Internet robots such as Google’s may visit a website more frequently than the website can serve.
The frequency may be considered detrimental to the website, with the potential to cause slowness for the website’s visitors.
The crawl delay is specified in the robots.txt file.
This file is included at the root of the website. It lets you tell the Internet robots how you wish them to index your website. But, they may ignore your advice! Particularly true of malicious robots or perhaps a mis-configured new project.
The robots.txt file is used to advise, those robots which follow the standard, which directories they are permitted to traverse and the point we are interested in, the delay before the next visit.
To configure the delay in the robots.txt file add a Crawl-delay entry.
User-agent: google-bot Crawl-delay: 60
Where the number is the number of seconds before the robot returns.
In the example the Google bot is targeted, requesting it to return after 60 seconds.
The problem with this approach is the delay before the robots.txt file is next read. It may be a few days before the file is next read, while you may be keen to slow the crawl rate sooner.

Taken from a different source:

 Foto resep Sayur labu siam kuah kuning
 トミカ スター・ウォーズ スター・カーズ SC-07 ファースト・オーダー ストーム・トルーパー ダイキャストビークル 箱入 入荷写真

Google can be informed directly via its Webmaster tools website.
Click on Search console, top left below the Google logo. From the listed websites select the one which you wish to amend. This shows a page with current status summary graphs and a menu of options at the left.
At the top right, below your account link click on the gear icon to select Site settings.
Within the second section: Crawl rate, click on the radio button for Limit Google’s maximum crawl rate.
This expands a section to show a bar option to set the lowest and highest values, for the time delay, in seconds, between requests.
Make your selection and click on the Save button.
I think, its better to use the robots.txt file. All the robot configurations are in one place, for easy reference. No need to search for account login information to configure the settings across multiple providers. But, do remember that the file is publicly readable, if that should be of concern.
Dependant upon the urgency, you can either inform Google directly via webmaster tools or by configuring robots.txt.